Jo Ann recently sent around the NSTA Position Statement on the Nature of Science and I wanted to talk about one of the pieces of it more specifically and the challenges that, I would imagine, come along with teaching students that portion of the statement. The statement is below:
A primary goal of science is the formation of theories and laws, which are terms with very specific meanings.
- Laws are generalizations or universal relationships related to the way that some aspect of the natural world behaves under certain conditions.
- Theories are inferred explanations of some aspect of the natural world. Theories do not become laws even with additional evidence; they explain laws. However, not all scientific laws have accompanying explanatory theories.
- Well-established laws and theories must be internally consistent and compatible with the best available evidence; be successfully tested against a wide range of applicable phenomena and evidence; possess appropriately broad and demonstrable effectiveness in further research.

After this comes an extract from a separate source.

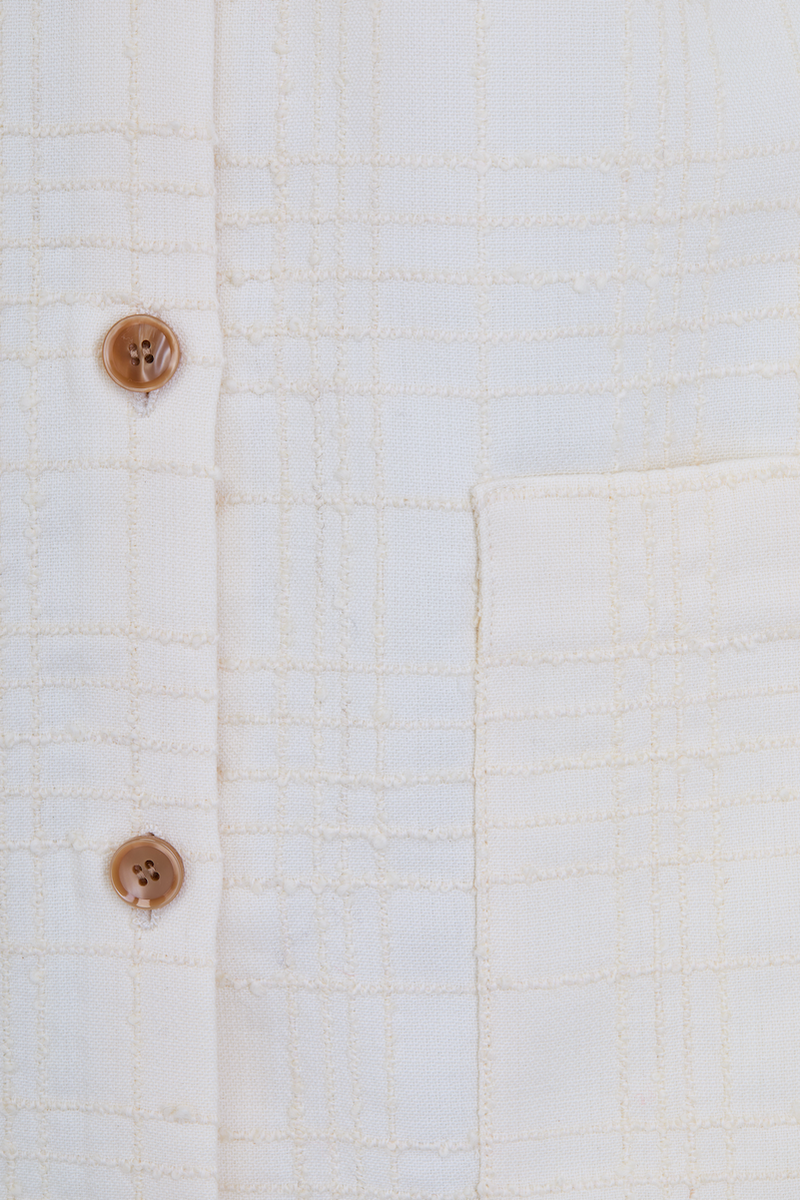 The Claire Cardigan in Textured Check - Ivory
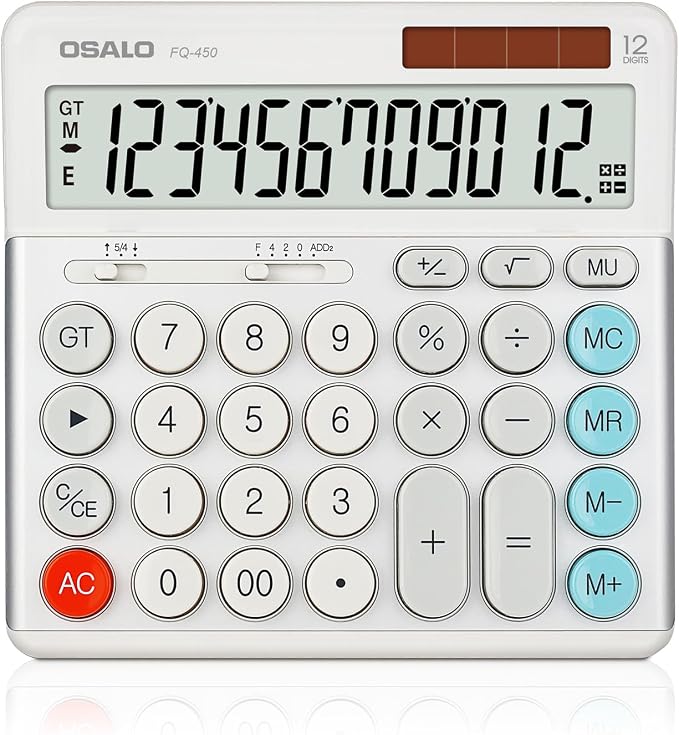 OSALO Desktop Calculator Extra Large Display 12-Digit Big Buttons Accounting by OSALOWelcomesYou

Now, I realize that this fact of science isn’t new news to any of us, having studied science for 10+ years (if you count from 7th grade on). But I would assume that this is a really difficult idea for most young science learners to wrap their heads around, especially the first few times they come across this.
Obviously my instincts want me to talk from a Chemistry perspective so some topics where this idea would come through include might be within atomic theory specifically with the evolution of the atomic model and within ideal gas laws. I think there would be more opportunities for this piece of the nature of science to be taught in other content areas like within evolution or many of the major physics units but my main struggle with teaching this concept centers around when learners grapple with the concept the first few times they encounter it. This mostly is because this idea that theories explain laws but not all laws have theories is contrary to most other areas of school, and really life.
What experiences have you all had that directly covered theories and laws in class and how did you find students did working through the struggles of theories not ever becoming laws despite evidence that proves them true and how not all laws have partnering theories to explain them? I’m mostly interested in how students responded to this unique part of science and what helped them think through all of these idiosyncrasies of science.